== Exercise prompt ==
All lines below between the line with "Close-up of a" and the line with "Human hand writing", including both, must be copied exactly, and the pictures must be omitted.

== Dataset entries ==

■ ■ ■

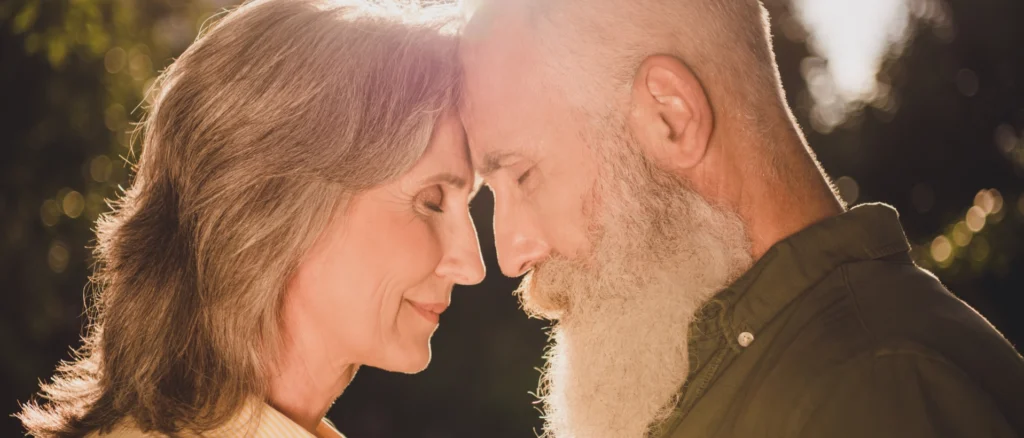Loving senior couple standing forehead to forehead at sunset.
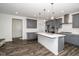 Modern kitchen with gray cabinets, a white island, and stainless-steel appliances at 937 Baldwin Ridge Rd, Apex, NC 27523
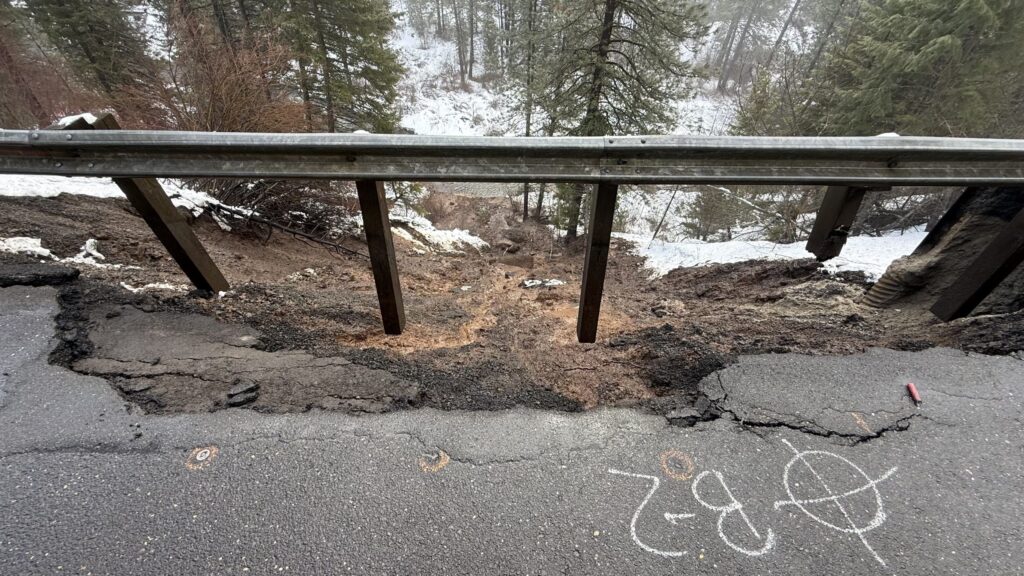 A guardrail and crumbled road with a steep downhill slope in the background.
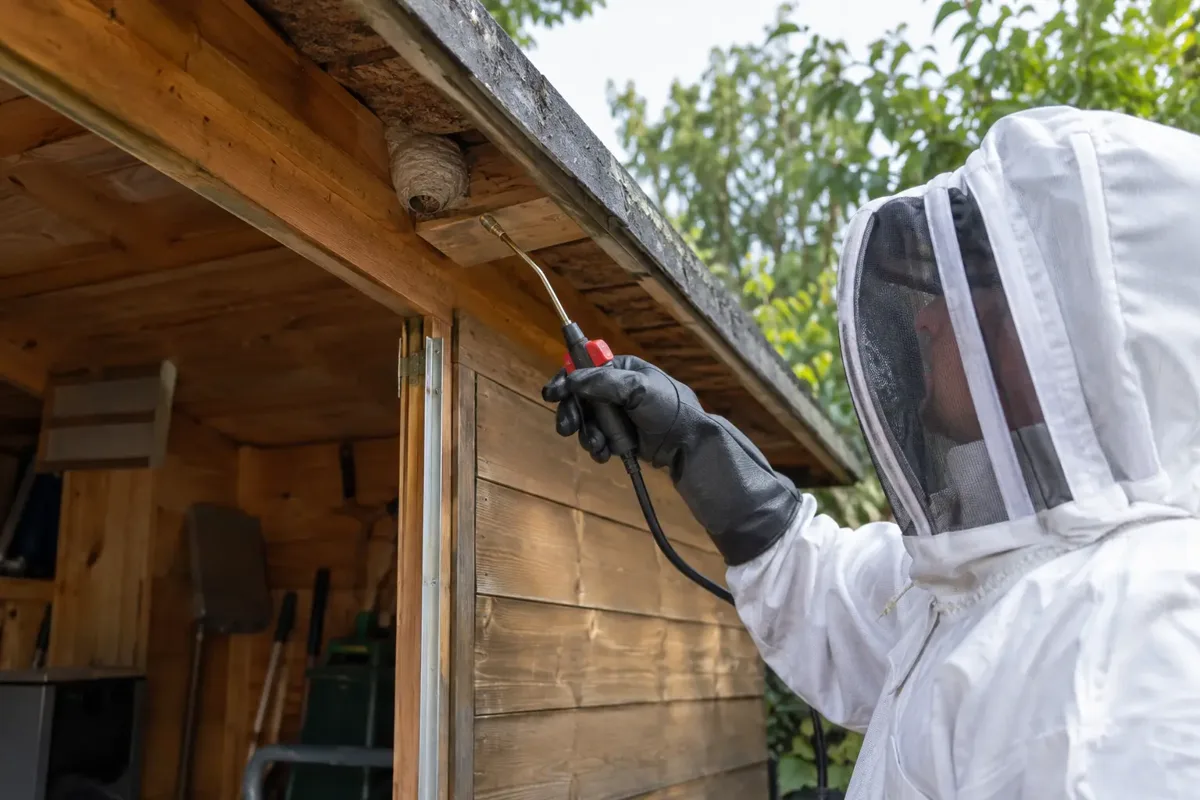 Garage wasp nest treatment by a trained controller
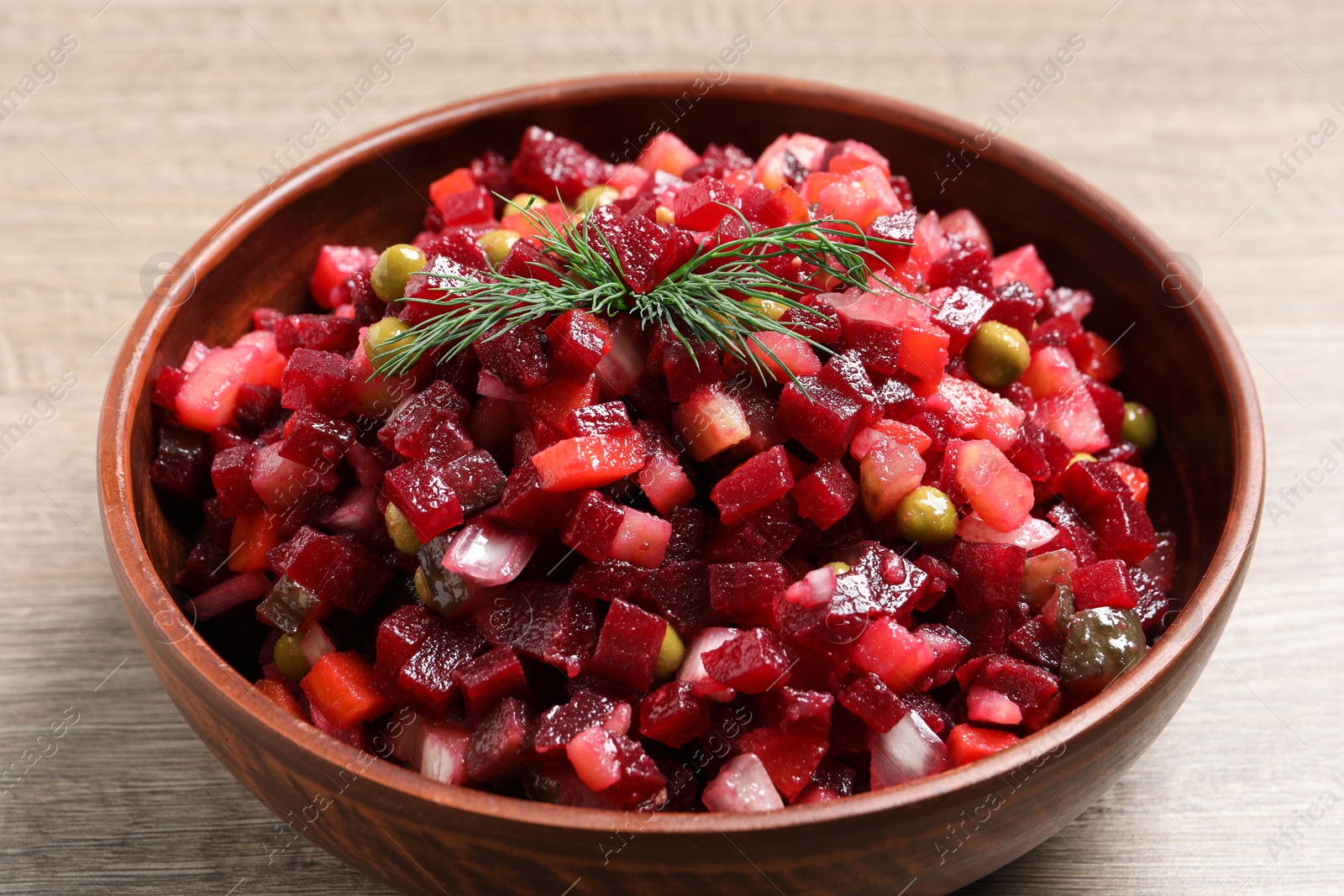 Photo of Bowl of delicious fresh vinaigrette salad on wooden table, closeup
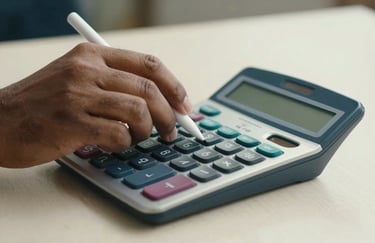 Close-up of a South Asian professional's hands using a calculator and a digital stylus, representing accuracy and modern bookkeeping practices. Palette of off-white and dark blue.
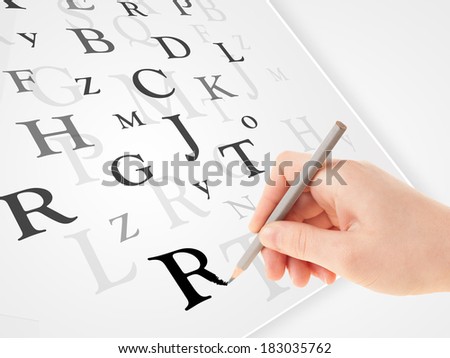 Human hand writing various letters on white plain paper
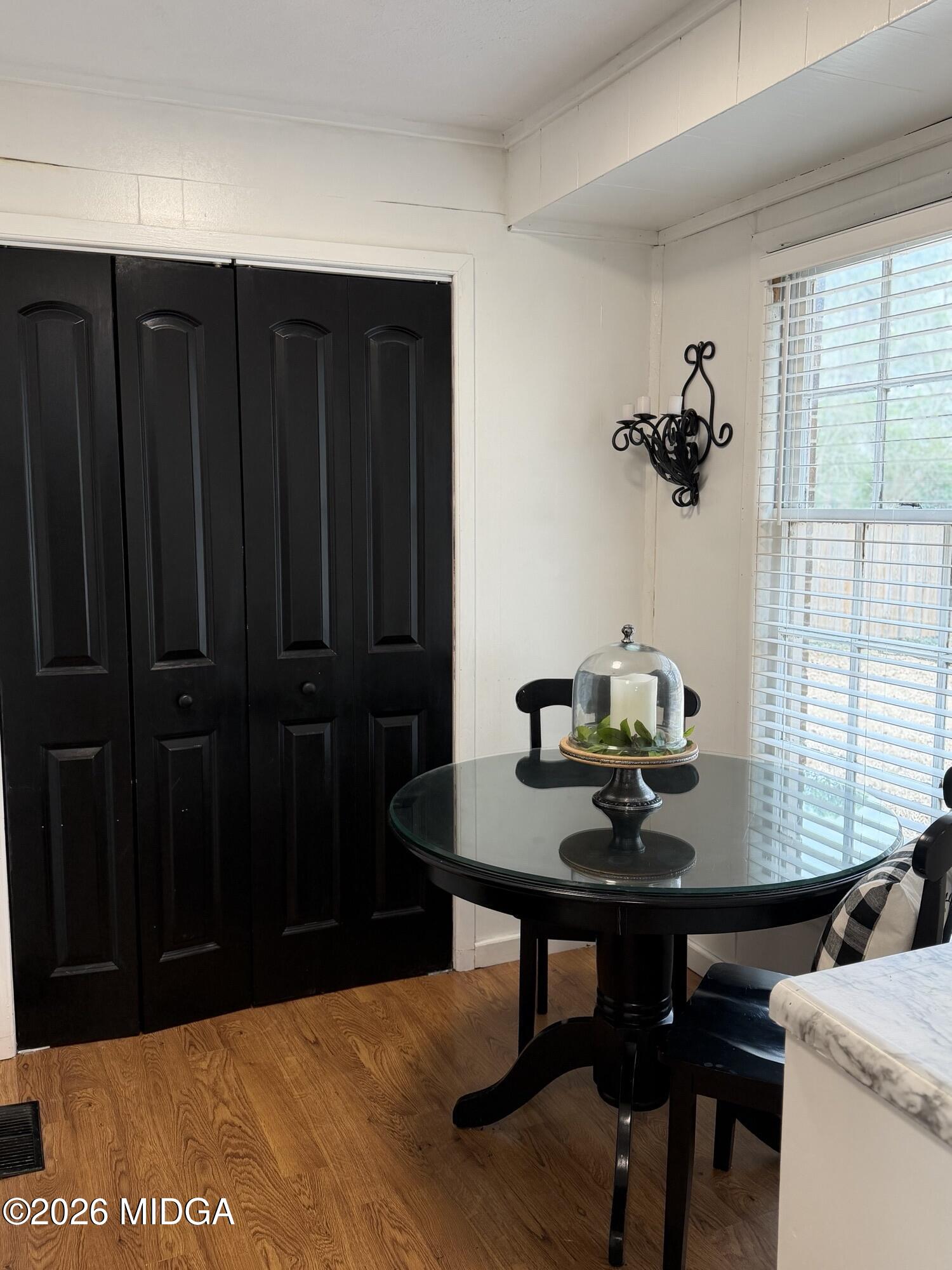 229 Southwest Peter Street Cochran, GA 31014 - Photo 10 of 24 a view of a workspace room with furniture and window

■ ■ ■

== Solution to this exercise ==
 Close-up of a South Asian professional's hands using a calculator and a digital stylus, representing accuracy and modern bookkeeping practices. Palette of off-white and dark blue.
 Human hand writing various letters on white plain paper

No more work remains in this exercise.